I'm looking for "out of the box" solutions and "how to debate this" techniques for a very "group and players" specific issue
Looking for experience backed advices, ideally.
I did search for similar questions on here, on the tags I use here. I searched on the matter a couple weeks ago looking for advice that I ended up using, which had some success. I thought it had worked, but apparently it did not.
The 'How to debate this' part of my question is due to the fact that I play an online game in English, while English is not my first language. Getting vocabulary on more technical gaming/RPing concepts and theories in English might help me . I know this isn't tackled in any D&D sourcebook.

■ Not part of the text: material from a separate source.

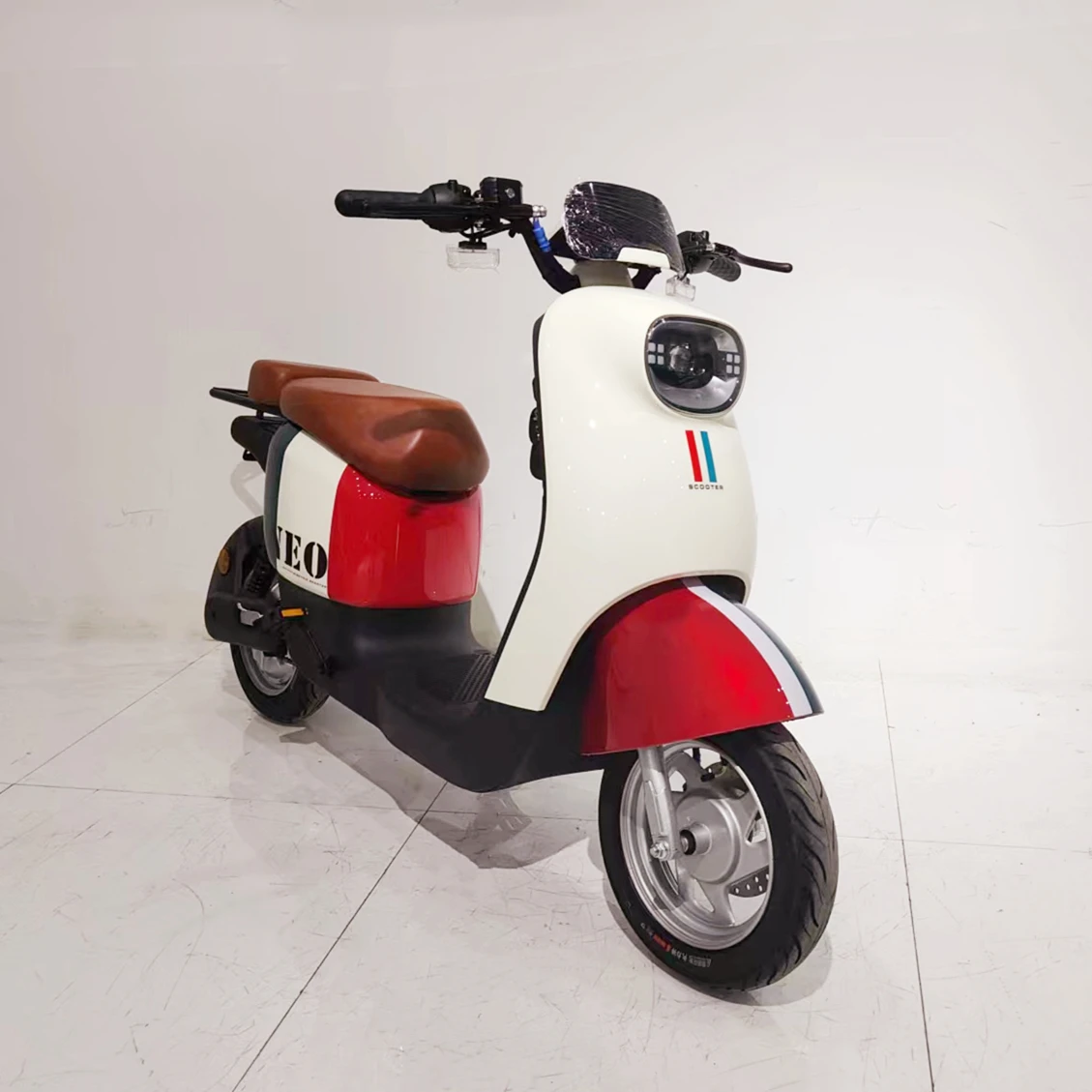 Classic model 48V 60V 72V Electric Tricycle High Speed Electric Scooter Motorcycles EEC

The "out of the box" solutions part is because I thought I had dealt with the situation adequately over the course of the last 2-3 weeks. I did so mostly in-character and a little bit of it was done privately with the problem player and GM after a session. I thought we had reached an understanding. After that talk, we exposed "the understanding" to the rest of the group. It was well received.
The curren problem
Now we're 2 sessions after "the understanding" and I've noticed (and then inquired and confirmed privately with others) that there actually are more frustrations than before on how the situation evolved. 4We can actually feel the tension, even online :O
#More on the context
We have a very new group: 5 players with a GM. I'm one of 2 original players, but this is still a new game (we're lvl 3, almost 4 in D&D 5E).
Everybody but me, the GM and another new player are new arrivals in the game.
Others (and the problem player) joined midway through our game. We have a moderately experienced player that I brought in from my other online game, 2 new players that our GM started playing with 1 year ago: they're comparatively new players/GM.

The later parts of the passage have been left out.